Coward v MIB [1963] 1 QB 259
Workman carried to work on colleague’s motorcycle; whether intention to create legal relations
Facts
Mr Coward was a pillion passenger on a motorcycle owned and driven by his work colleague Mr Cole. There was an accident resulting from Mr Cole’s negligence, and both were killed. Mrs Coward obtained judgement for damages which was not paid out because Mr Cole’s insurance policy did not provide cover for him to carry pillion passengers. She sought to recover damages from the MIB claiming a policy should have been in place under Road Traffic Act 1930 Part II.
Issues
Under the Road Traffic Act 1930 Part II a passenger who is carried for hire or reward in the insured’s vehicle must be covered on the driver’s insurance policy. Mrs Coward contended that her husband and Mr Cole had reached an agreement whereby he would regularly provide lifts to work on his motor cycle in return for certain cash payments. She argued this amounted to a contractual obligation and, therefore, the risk to her husband should have been covered by Mr Cole’s policy or, failing that, by the MIB under their agreement with the Ministry of Transport. The MIB argued there was no legally enforceable contract between Mr Cole and Mr Coward as there had been no intention to create legal relations. They also argued that a motor cycle was not a ‘vehicle’ for the purposes of the Road Traffic Act 1930.
Decision/Outcome
Mrs Coward’s claim was unsuccessful. Neither party intended there was a legal obligation to carry and be carried to and from work, under a binding contractual agreement.

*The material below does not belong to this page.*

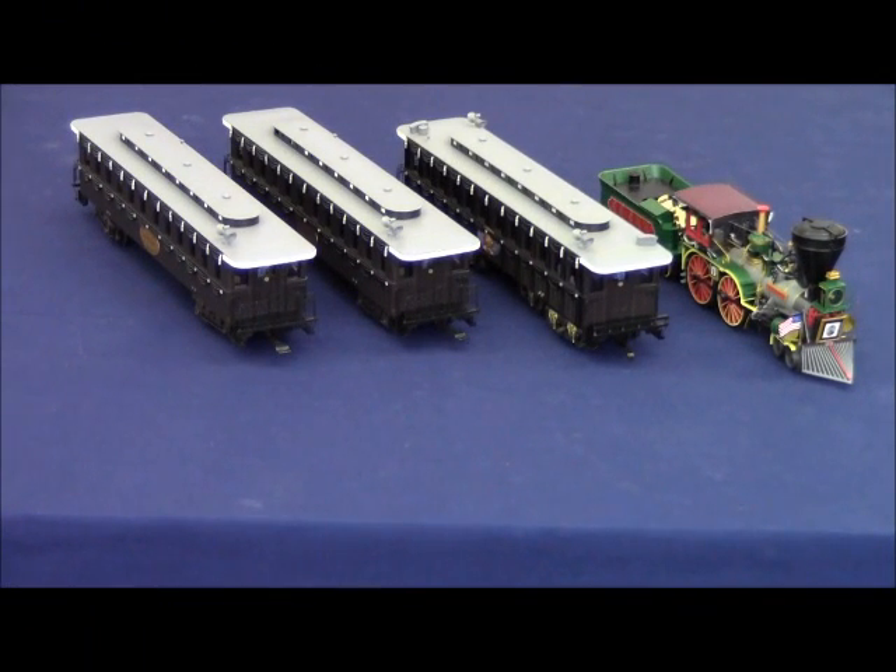The Lionel Railroader Club exclusive Lincoln Funeral Train set and two-car add-on set are available now from the Lionel Railroader Club. This is an exclusive Railroader Club purchase only and not available at dealers while supplies last.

Mr Coward was not a passenger who Mr Cole was under a duty to ensure and the MIB, therefore, were not under an obligation to satisfy the judgement.
Updated 19 March 2026
This case summary remains accurate as a statement of the legal principles established in Coward v Motor Insurers’ Bureau [1963] 1 QB 259. The Court of Appeal’s holding — that a regular informal arrangement between friends or colleagues to share lifts does not, without more, give rise to an intention to create legal relations and therefore does not constitute a binding contract — continues to be good law and is still cited in contract law teaching on this point.
Readers should note, however, that the statutory framework discussed in the article is now entirely superseded. The Road Traffic Act 1930 was replaced by the Road Traffic Act 1960 and subsequently by the Road Traffic Act 1988, which currently governs compulsory motor vehicle insurance in Great Britain. The requirement to insure passengers carried for hire or reward is now addressed within that 1988 Act framework. The article’s references to the 1930 Act are therefore of historical relevance only, reflecting the law as it stood at the time of the litigation, and should not be taken as a statement of current statutory law.
The Motor Insurers’ Bureau continues to operate under updated agreements with the Secretary of State rather than the Ministry of Transport; the current agreements governing uninsured and untraced drivers date from 2017 and 1996 respectively, as updated. None of these subsequent developments affect the core contractual law principle for which this case is cited.